JAXA H-IIA to Launch Michibiki 3 Communication Satellite

Image credit & copyright: Japan Aerospace Exploration Agency (JAXA).

Launch Alert (UPDATE!): Saturday, August 19, 2017 at 01:00 EDT (05:00 UTC), the Japan Aerospace Exploration Agency (JAXA), will be launching the Mitsubishi Heavy Industries H-IIA (H-2A) rocket; Launch Vehicle No. 35 (F35) flying in its 204 configuration (H-IIA 204). It will be carrying the Michibiki 3 navigation satellite from Launch Area-Y1 (Also known as Area-Y1 or LA-Y1) at the Tanegashima Space Center (TNSC), Japan.
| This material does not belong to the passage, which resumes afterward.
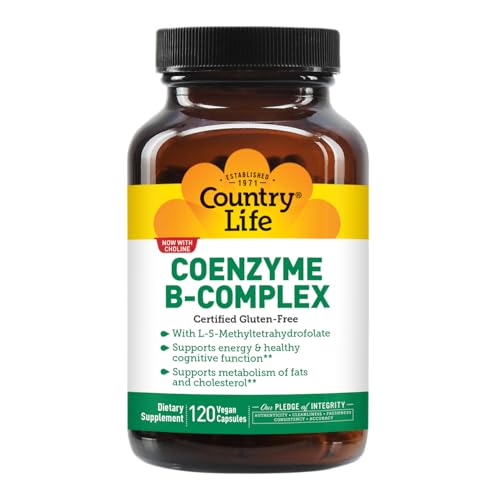 Coenzyme B Complex by Country Life – Bioavailable B Vitamins with Choline (120 ct)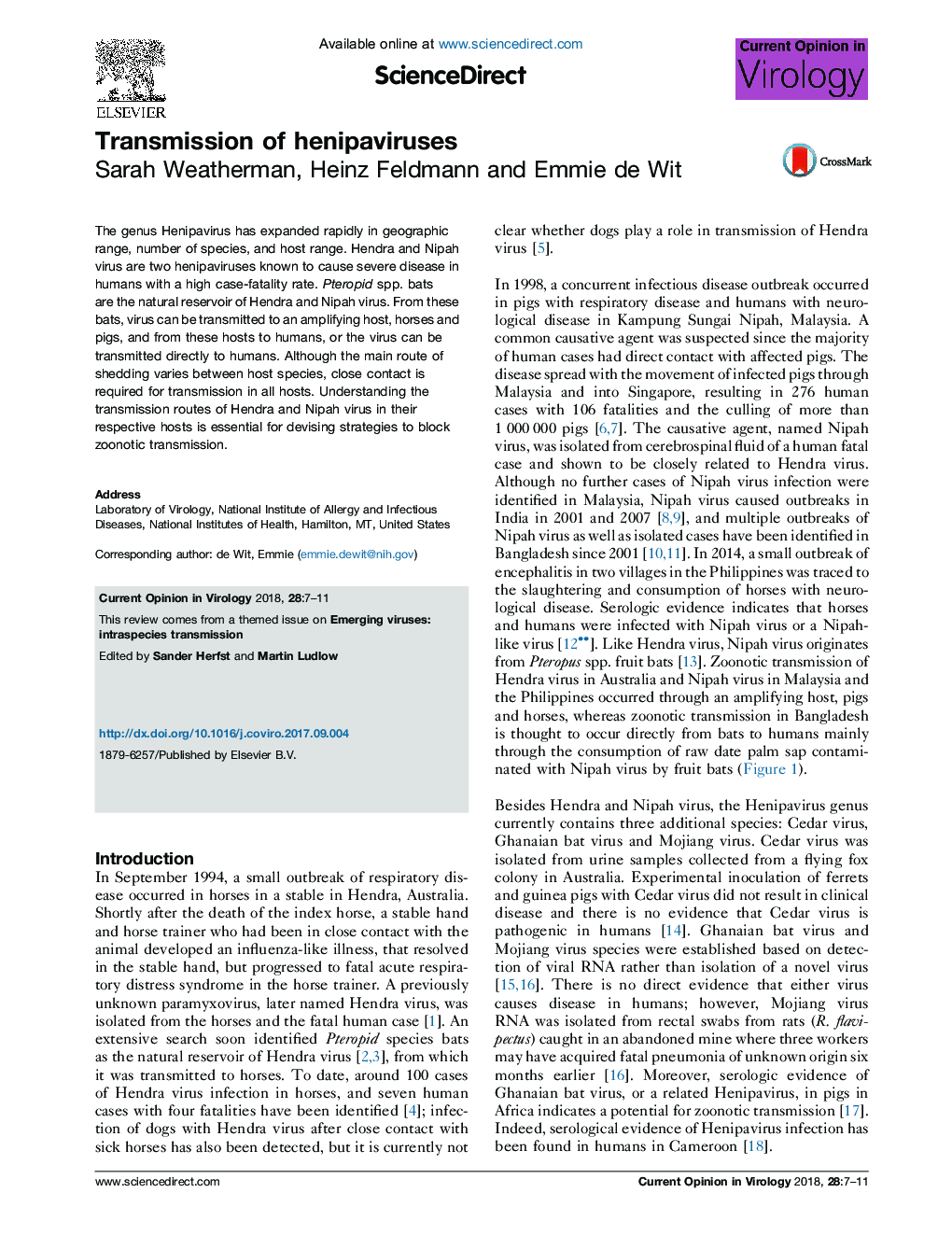 Transmission of henipaviruses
Tanegashima Space Center (TNSC): There are 2 active launch pads at Tanegashima; Launch Pad-1 (LP-1) and Launch Pad-2 (LP-2). They are in an area known as the Yoshinobu Launch Complex and designated as Launch Area-Y, Area-Y or LA-Y. They differentiate between pads by placing a (1) or a (2) after the designation. H-IIA rockets launch from Pad-1 while H-IIB rockets launch from Pad-2.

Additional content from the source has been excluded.